Black Identity

After reading the “My Mother’s Dreams for Her Son, and All Black Children” by Hilton Als, I resonated with some of the key points of the document. The article was a series of open ended questions that brought out the inner voice of Als. From dying screaming to forgiving to protecting one’s family and one’s self were all put in to question. Als’ experience growing up both black and queer were either challenging or confusing at times. His personal anecdote is filled with moments of both.

Hilton Als starts his open letter with as a 7 year old living in a house with his mother, four older sisters, little brother and a revolving door of other relatives that ranged from his grandmother, aunt and two other cousins. He started painting a picture of discussing the reality of many black people of the time – they were refugees in a country not known as theirs. Al stated, “… refugees—stateless, homeless,without rights, confined by borders that they did not create and by a penal system that killed them before they died, all while trying to rear children who went to schools that taught them not about themselves but about what they didn’t have.” Black people were (and to some extent now) treated as second class citizens. In a land that claims to have all of these liberties for ALL, BIPOC (and really all POC) have been left out of that equation. People are forced to confine themselves to the norms or essentially fight a system that is filled with landmines. Als sums this up by saying, “The world around us was not the one we had worked hard to achieve but the quiet, degraded world that our not-country said we deserved. We couldn’t keep nothing, the elders said, not even ourselves.” Those who stepped up in the field had a chance of joining the already populated killing field present in society. The system is inherited, all of the prejudices are present at birth. One’s life is based on how they overcome the system and of the few who do overcome it, they struggle with being seen as an actual individual. Their identity is defined by the groups they are apart of in the realm of white society.

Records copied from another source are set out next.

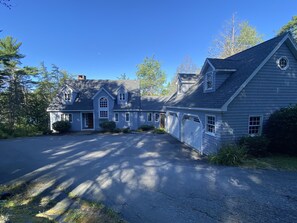 Arriving at the house from the driveway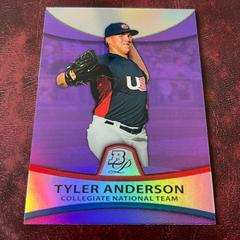 Tyler Anderson [Purple Refractor] #PP29 Baseball Cards 2010 Bowman Platinum Prospects Prices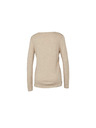 CAMAIEU Beiger Pullover mit Spitzenausschnitt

Hilton Als discusses his time growing up and figuring out what kind of person, and most importantly, what kind of man he wants to become. This is seen through a riot that occurred when he was 7. Als stated, “Standing by my mother’s living-room window, I tried, tentatively, to ask her why our world was burning, burning. She gave me a forbidding look: Boy, be quiet so you can survive, her eyes seemed to say.” This reflected the kind of society black women lived in. In a patriarchal society, women would remain silent in order to protect themselves from a further onslaught. Women were viewed as inferior to men during this time and if they challenged this system, they would become targeted. A mother wants nothing more for her children to become more but in a society with a killing field, surviving becomes the most forefront thought. Als speaks on this notion and speaks on the nature of having to unlearn this silence. With discussions of dying screaming. Being a man was not about being silent but being defiant. Als spoke on taking the path of forgiveness or the path of destruction, which spoke to him more. Due to his mother’s nature, he chose forgiveness but listed off just how troubling that was. So much was put on his soul when doing so.